Skip the pictures. Repeat everything else in the records word for word.

/---

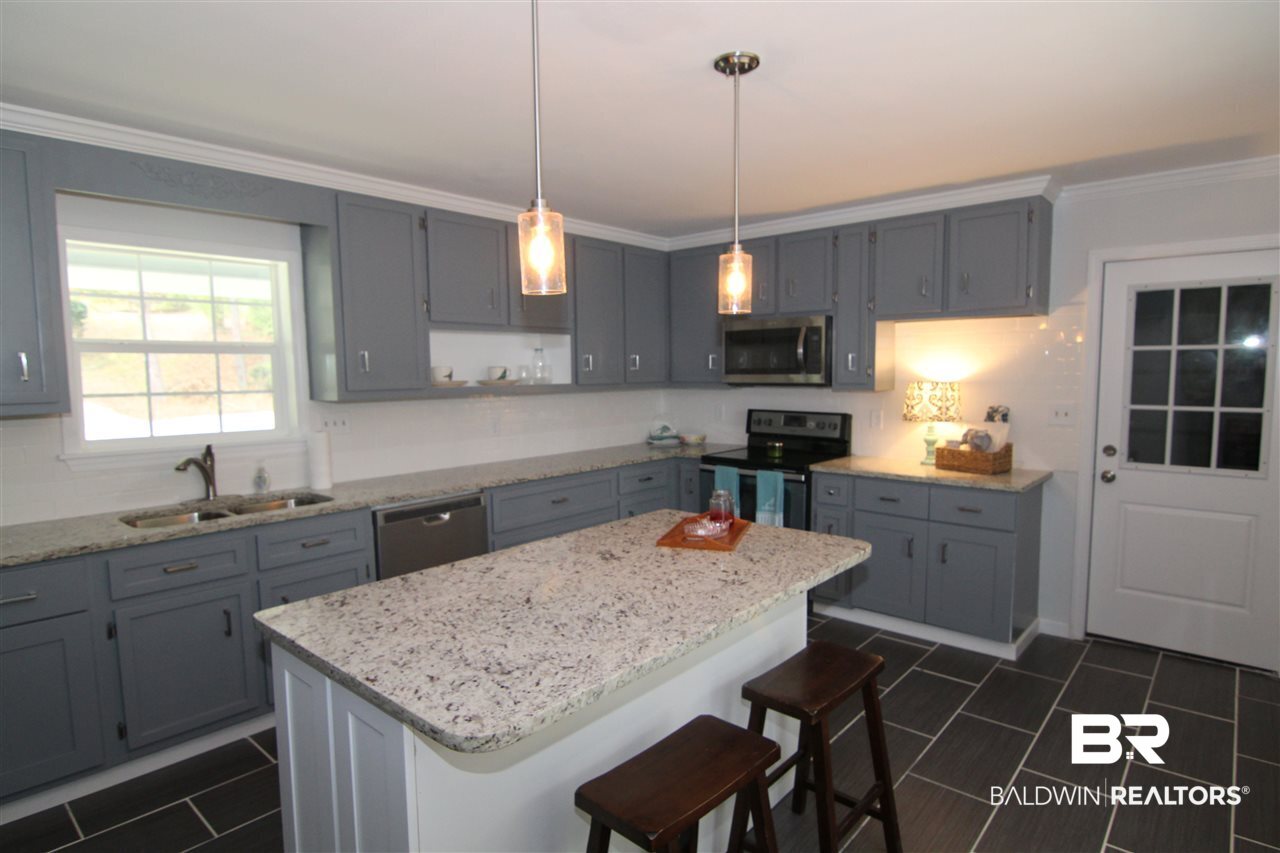 44 Caisson Trace Spanish Fort, AL 36527 - Photo 11 of 27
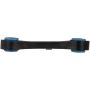 DELPHI TC7696 Suspension Stabilizer Bar Link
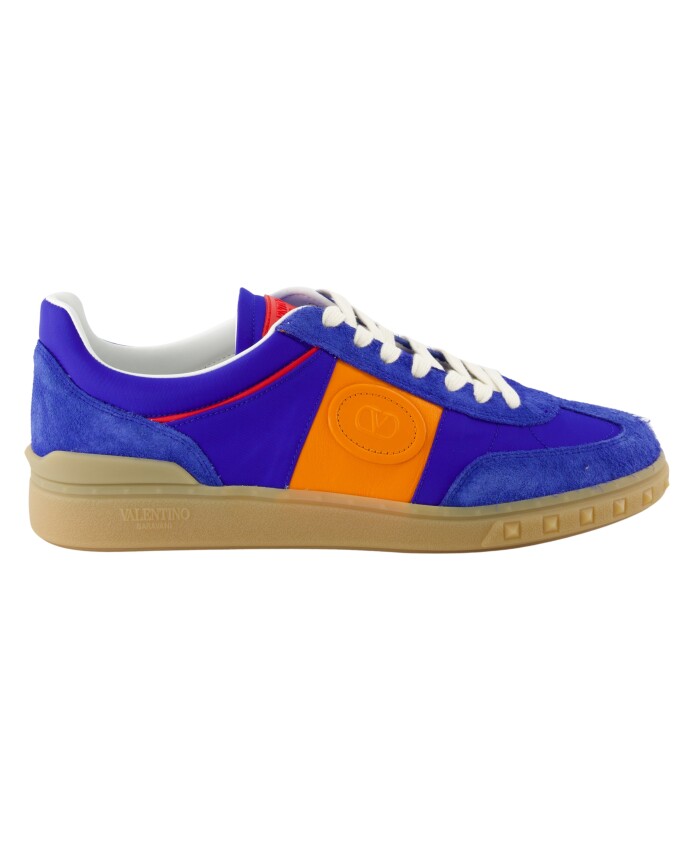 blue-leather-upvillage-baskets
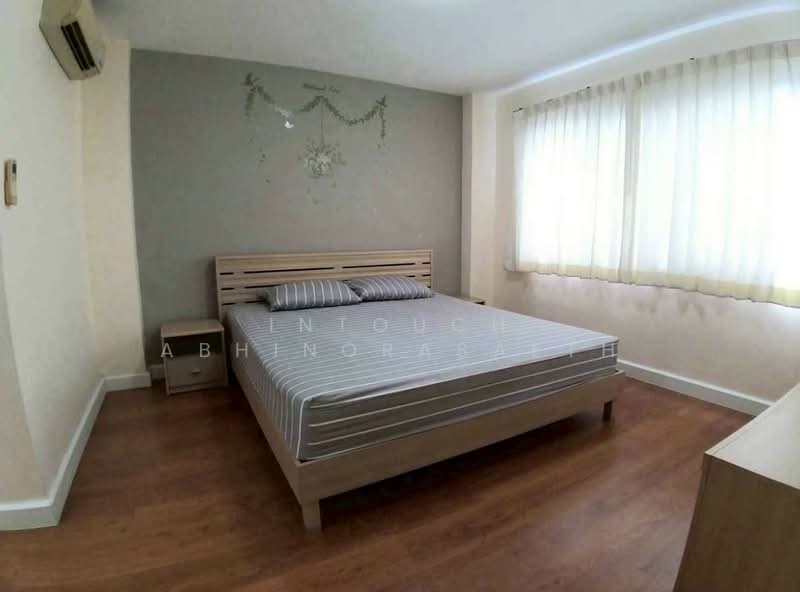 Condo One Siam condominium, กรุงเทพ, พระราม 1, วังใหม่, ปทุมวัน, กรุงเทพ, 50 ตร.ม., คอนโด ให้เช่า, โดย Intouch Abhinorasaeth, 500170498 - DDproperty.com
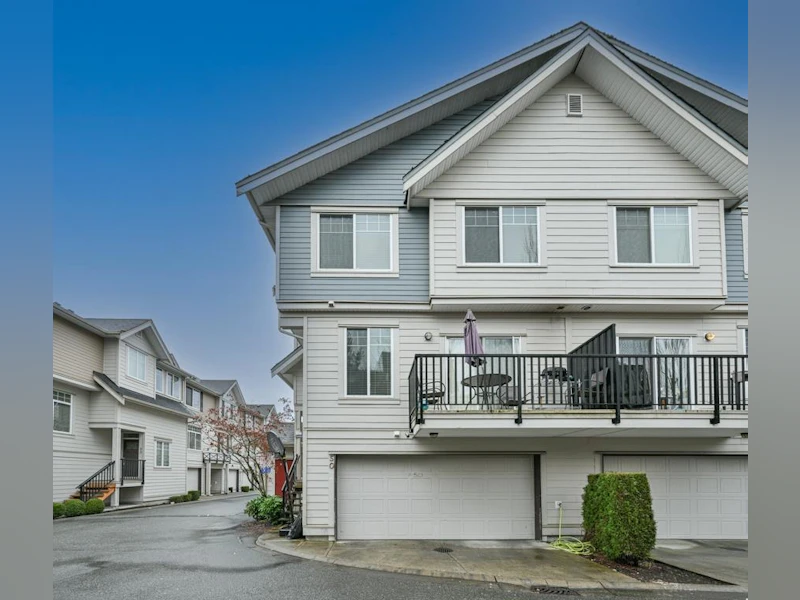 50 - 15399 Guildford Drive, Surrey BC V3R 7C6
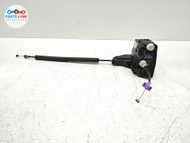 2020-2025 LAND RANGE ROVER EVOQUE L551 REAR RIGHT DOOR LOCK LATCH ACTUATOR OEM EQ040826-038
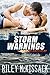 Storm Warnings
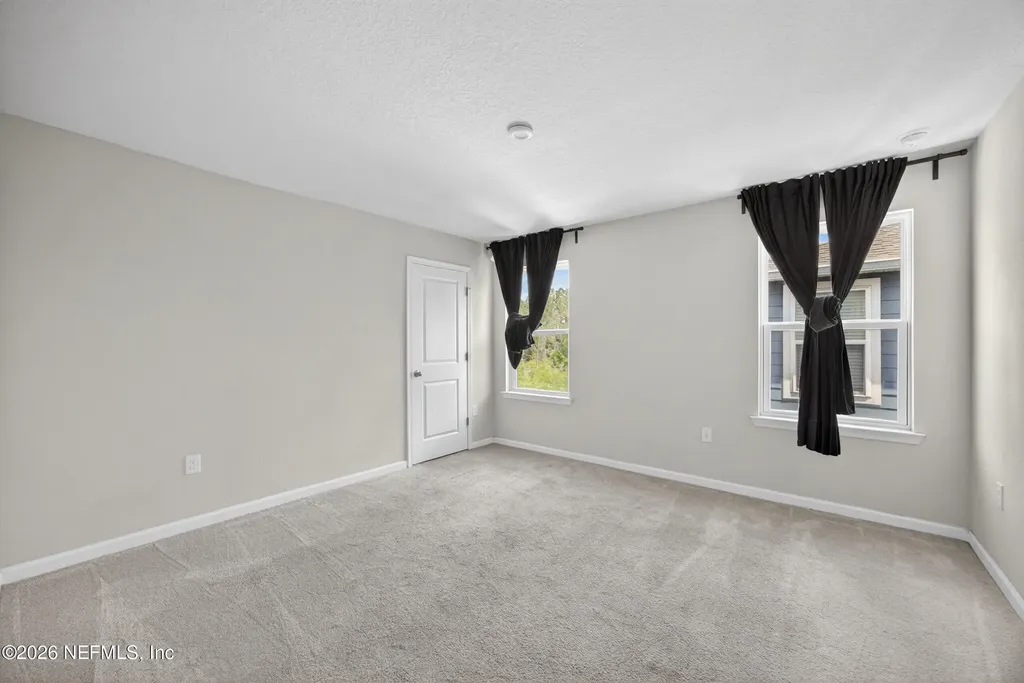 1345 Tan Tara Trail Jacksonville FL 32221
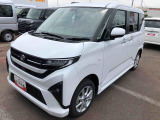 ムーヴ G 2WD シャイニングホワイトパール すぐ乗れます!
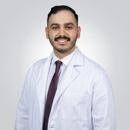 Aziz Jabbour - Dental Clinics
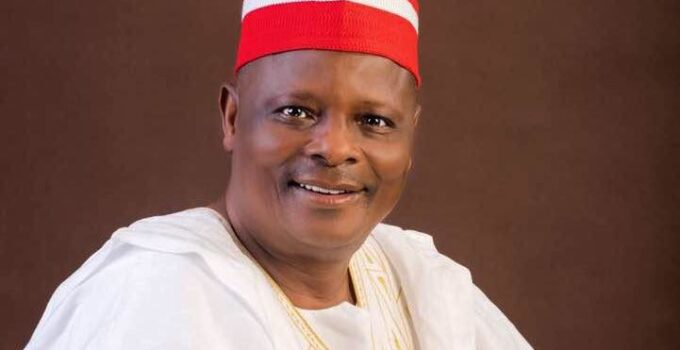 Kwankwaso Criticizes Kano Police for Issuing False Terror Alert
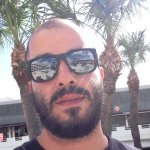 Profile Picture of Rafael Mattos Duarte (@rafinhamattos) on Instagram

\---

◆ The answer ◆
 44 Caisson Trace Spanish Fort, AL 36527 - Photo 11 of 27
 DELPHI TC7696 Suspension Stabilizer Bar Link
 blue-leather-upvillage-baskets
 Condo One Siam condominium, กรุงเทพ, พระราม 1, วังใหม่, ปทุมวัน, กรุงเทพ, 50 ตร.ม., คอนโด ให้เช่า, โดย Intouch Abhinorasaeth, 500170498 - DDproperty.com
 50 - 15399 Guildford Drive, Surrey BC V3R 7C6
 2020-2025 LAND RANGE ROVER EVOQUE L551 REAR RIGHT DOOR LOCK LATCH ACTUATOR OEM EQ040826-038
 Storm Warnings
 1345 Tan Tara Trail Jacksonville FL 32221
 ムーヴ G 2WD シャイニングホワイトパール すぐ乗れます!
 Aziz Jabbour - Dental Clinics
 Kwankwaso Criticizes Kano Police for Issuing False Terror Alert
 Profile Picture of Rafael Mattos Duarte (@rafinhamattos) on Instagram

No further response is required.